FYI, my doubts about pad came up after reading torch’s implementation of local_response_norm

def local_response_norm(input, size, alpha=1e-4, beta=0.75, k=1.):
    # type: (Tensor, int, float, float, float) -> Tensor
    r"""Applies local response normalization over an input signal composed of
    several input planes, where channels occupy the second dimension.
    Applies normalization across channels.
    See :class:`~torch.nn.LocalResponseNorm` for details.
    """
    if not torch.jit.is_scripting():
        if type(input) is not Tensor and has_torch_function((input,)):
            return handle_torch_function(
                local_response_norm, (input,), input, size, alpha=alpha, beta=beta, k=k)
    dim = input.dim()
    if dim < 3:
        raise ValueError('Expected 3D or higher dimensionality \
                         input (got {} dimensions)'.format(dim))
    div = input.mul(input).unsqueeze(1)
    if dim == 3:
        div = pad(div, (0, 0, size // 2, (size - 1) // 2))
        div = avg_pool2d(div, (size, 1), stride=1).squeeze(1)
    else:
        sizes = input.size()
        div = div.view(sizes[0], 1, sizes[1], sizes[2], -1)
        div = pad(div, (0, 0, 0, 0, size // 2, (size - 1) // 2))
        div = avg_pool3d(div, (size, 1, 1), stride=1).squeeze(1)
        div = div.view(sizes)
    div = div.mul(alpha).add(k).pow(beta)
    return input / div

If anyone could explain why padding is done in this way for the above function, I would be very grateful! (Apologies for the loaded question, I’m a noob)
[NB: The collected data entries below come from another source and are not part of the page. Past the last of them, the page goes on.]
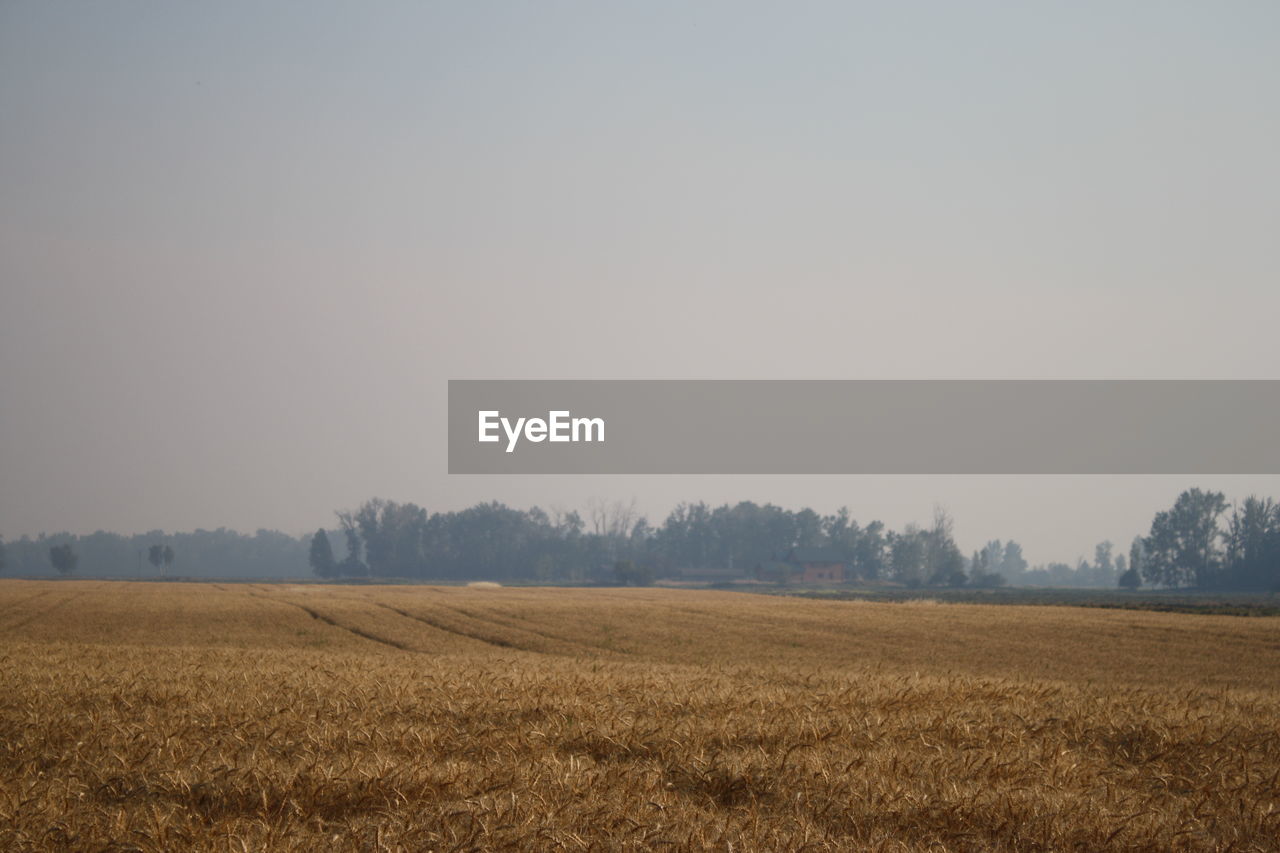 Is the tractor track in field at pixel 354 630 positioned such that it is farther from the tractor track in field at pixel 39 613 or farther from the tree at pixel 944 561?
the tree at pixel 944 561

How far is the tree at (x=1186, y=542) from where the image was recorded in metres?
167

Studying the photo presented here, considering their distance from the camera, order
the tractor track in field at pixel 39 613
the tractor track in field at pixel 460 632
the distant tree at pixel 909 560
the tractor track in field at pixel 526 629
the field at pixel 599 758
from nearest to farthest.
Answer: the field at pixel 599 758 < the tractor track in field at pixel 526 629 < the tractor track in field at pixel 460 632 < the tractor track in field at pixel 39 613 < the distant tree at pixel 909 560

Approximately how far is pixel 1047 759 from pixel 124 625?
39672 millimetres

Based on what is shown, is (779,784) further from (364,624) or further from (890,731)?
(364,624)

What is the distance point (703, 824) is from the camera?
629 cm

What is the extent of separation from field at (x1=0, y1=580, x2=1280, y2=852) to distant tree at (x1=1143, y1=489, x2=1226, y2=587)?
178 meters

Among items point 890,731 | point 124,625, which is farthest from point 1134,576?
point 890,731

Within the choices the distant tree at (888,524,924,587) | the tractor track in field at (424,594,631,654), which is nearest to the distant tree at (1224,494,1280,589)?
the distant tree at (888,524,924,587)

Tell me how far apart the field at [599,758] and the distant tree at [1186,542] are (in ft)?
584

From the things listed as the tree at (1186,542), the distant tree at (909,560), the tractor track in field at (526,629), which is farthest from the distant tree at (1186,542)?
the tractor track in field at (526,629)

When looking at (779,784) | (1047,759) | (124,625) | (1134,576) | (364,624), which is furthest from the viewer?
(1134,576)

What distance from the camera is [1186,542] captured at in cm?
16912

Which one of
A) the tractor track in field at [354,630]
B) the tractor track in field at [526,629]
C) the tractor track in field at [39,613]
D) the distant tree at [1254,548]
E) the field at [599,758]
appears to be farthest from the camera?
the distant tree at [1254,548]

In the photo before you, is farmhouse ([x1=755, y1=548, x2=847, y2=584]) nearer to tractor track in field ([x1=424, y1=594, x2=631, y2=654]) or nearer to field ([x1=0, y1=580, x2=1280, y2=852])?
tractor track in field ([x1=424, y1=594, x2=631, y2=654]) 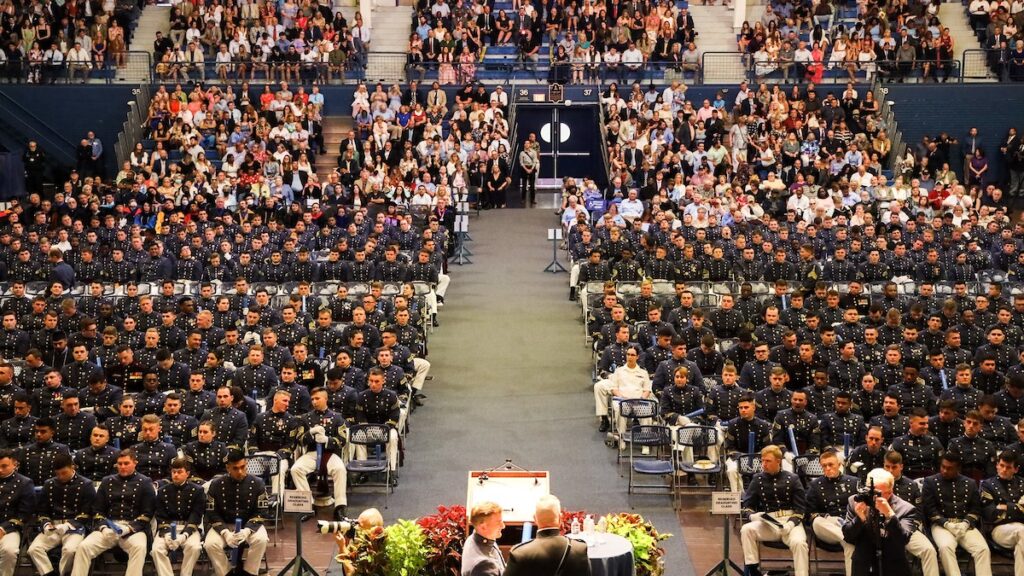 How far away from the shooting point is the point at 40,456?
13.6m

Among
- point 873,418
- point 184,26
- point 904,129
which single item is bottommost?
point 873,418

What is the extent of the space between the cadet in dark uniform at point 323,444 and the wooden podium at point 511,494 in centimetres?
299

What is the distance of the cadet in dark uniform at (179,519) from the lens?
12.1 metres

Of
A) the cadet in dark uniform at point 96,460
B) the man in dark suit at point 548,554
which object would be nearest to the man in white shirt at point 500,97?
the cadet in dark uniform at point 96,460

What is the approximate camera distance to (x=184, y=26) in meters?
31.7

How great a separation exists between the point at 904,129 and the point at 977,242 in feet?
27.8

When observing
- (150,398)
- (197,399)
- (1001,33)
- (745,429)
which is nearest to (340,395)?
(197,399)

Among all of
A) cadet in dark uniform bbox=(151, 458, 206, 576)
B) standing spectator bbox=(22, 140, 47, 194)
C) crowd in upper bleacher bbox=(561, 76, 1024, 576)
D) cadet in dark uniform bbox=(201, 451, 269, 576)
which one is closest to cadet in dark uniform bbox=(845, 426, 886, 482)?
crowd in upper bleacher bbox=(561, 76, 1024, 576)

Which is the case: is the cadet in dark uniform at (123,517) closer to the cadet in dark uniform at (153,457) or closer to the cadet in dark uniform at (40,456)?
the cadet in dark uniform at (153,457)

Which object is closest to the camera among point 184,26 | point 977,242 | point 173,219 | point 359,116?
point 977,242

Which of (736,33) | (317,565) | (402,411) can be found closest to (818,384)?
(402,411)

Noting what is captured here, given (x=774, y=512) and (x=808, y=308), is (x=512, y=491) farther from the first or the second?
(x=808, y=308)

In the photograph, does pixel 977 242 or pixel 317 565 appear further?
pixel 977 242

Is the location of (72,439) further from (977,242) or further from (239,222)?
(977,242) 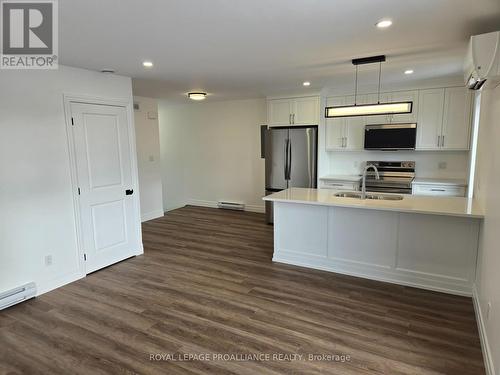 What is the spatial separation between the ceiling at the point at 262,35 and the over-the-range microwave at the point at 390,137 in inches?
41.0

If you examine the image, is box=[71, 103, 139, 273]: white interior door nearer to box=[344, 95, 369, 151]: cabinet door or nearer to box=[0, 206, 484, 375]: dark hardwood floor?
box=[0, 206, 484, 375]: dark hardwood floor

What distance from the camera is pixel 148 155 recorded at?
6230 millimetres

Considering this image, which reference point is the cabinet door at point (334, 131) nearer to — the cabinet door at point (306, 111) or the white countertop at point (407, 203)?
the cabinet door at point (306, 111)

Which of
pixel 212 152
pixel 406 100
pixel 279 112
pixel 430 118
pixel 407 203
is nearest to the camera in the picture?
pixel 407 203

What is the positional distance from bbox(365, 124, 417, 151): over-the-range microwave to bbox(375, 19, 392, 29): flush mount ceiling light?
2963 mm

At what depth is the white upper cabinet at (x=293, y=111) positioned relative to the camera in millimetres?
5512

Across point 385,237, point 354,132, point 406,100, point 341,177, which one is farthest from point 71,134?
point 406,100

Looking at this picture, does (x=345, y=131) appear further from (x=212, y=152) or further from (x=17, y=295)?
(x=17, y=295)

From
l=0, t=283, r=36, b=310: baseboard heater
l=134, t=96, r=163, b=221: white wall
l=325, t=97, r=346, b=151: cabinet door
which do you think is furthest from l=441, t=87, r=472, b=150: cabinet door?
l=0, t=283, r=36, b=310: baseboard heater

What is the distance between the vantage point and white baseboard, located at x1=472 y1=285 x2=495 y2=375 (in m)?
2.03

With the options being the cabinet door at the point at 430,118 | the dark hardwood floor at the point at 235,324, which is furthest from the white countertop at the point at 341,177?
the dark hardwood floor at the point at 235,324

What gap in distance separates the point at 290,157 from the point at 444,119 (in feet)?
8.25

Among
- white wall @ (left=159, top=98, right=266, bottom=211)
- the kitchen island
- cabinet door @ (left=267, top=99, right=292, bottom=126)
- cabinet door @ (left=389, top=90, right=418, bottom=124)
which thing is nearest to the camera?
the kitchen island

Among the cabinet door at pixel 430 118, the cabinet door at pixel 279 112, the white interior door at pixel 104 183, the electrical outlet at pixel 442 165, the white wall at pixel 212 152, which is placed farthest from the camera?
the white wall at pixel 212 152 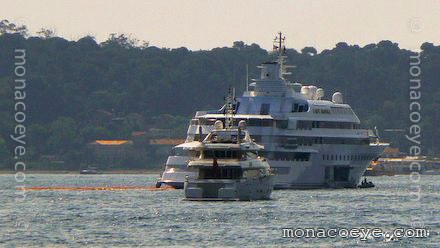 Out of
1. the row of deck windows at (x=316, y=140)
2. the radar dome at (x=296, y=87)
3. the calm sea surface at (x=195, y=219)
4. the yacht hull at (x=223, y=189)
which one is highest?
the radar dome at (x=296, y=87)

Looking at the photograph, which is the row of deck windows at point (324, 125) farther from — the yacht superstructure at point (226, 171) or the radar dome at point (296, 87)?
the yacht superstructure at point (226, 171)

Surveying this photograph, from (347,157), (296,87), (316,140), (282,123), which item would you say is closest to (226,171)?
(282,123)

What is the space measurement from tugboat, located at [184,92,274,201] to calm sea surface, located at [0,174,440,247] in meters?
1.02

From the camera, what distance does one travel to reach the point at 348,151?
619 ft

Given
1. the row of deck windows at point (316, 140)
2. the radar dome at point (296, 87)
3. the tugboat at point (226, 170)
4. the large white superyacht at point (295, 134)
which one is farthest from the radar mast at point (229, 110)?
the radar dome at point (296, 87)

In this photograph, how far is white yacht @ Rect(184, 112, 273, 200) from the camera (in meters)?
140

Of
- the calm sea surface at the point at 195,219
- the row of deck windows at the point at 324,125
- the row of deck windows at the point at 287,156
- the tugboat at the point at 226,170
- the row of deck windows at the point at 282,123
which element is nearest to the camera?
the calm sea surface at the point at 195,219

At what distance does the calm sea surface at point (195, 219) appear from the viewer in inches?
4245

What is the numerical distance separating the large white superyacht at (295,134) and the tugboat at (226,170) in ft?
89.8

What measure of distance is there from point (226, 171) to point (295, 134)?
42.7 m

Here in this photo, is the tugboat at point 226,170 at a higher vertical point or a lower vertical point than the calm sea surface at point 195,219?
higher

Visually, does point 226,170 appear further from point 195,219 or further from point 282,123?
point 282,123

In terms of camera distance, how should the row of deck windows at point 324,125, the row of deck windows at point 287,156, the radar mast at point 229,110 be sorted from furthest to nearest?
1. the row of deck windows at point 324,125
2. the row of deck windows at point 287,156
3. the radar mast at point 229,110

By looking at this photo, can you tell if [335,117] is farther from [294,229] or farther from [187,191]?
[294,229] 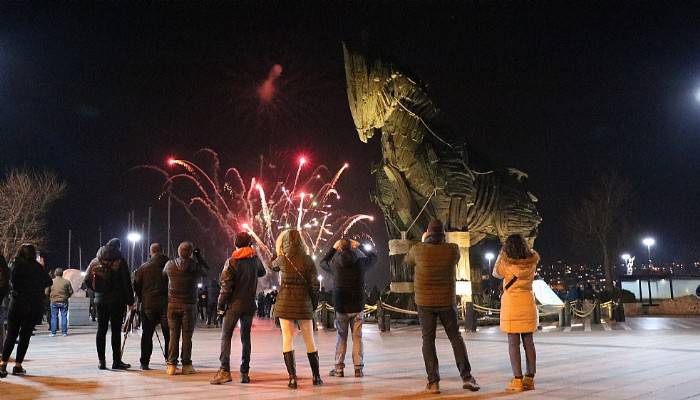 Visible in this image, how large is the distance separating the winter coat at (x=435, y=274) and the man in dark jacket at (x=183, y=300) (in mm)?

ptrblck · September 23, 2020, 8:21am

The “left”, “right”, “top”, and “bottom” description might be understood if you think about an image tensor.
For multi-dimensional tensors you can think about the “front” or “end” of the dimension.
Each dimension will use two values, one for the “front” the other one for the “end” of this dimension.

Here is a small code snippet to show the behavior:

x = torch.ones(1, 1, 1, 1)
print(x)

# pad last dimension "at the end"
x1 = F.pad(x, (0, 0, 0, 0, 0, 0, 0, 1))
print(x1)

# pad last dimension "at the front"
x2 = F.pad(x, (0, 0, 0, 0, 0, 0, 1, 0))
print(x2)

# pad last dimension on both sides with two zeros
x3 = F.pad(x, (0, 0, 0, 0, 0, 0, 2, 2))
print(x3)

# pad dim1 "at the front" with 4 values
x4 = F.pad(x, (0, 0, 4, 0, 0, 0, 0, 0))
print(x4)

picklerick · September 23, 2020, 9:31am

Ah, that’s cool! The “front” and “end” intuition for high dimensional tensors is exactly what I needed. Thanks a lot for this!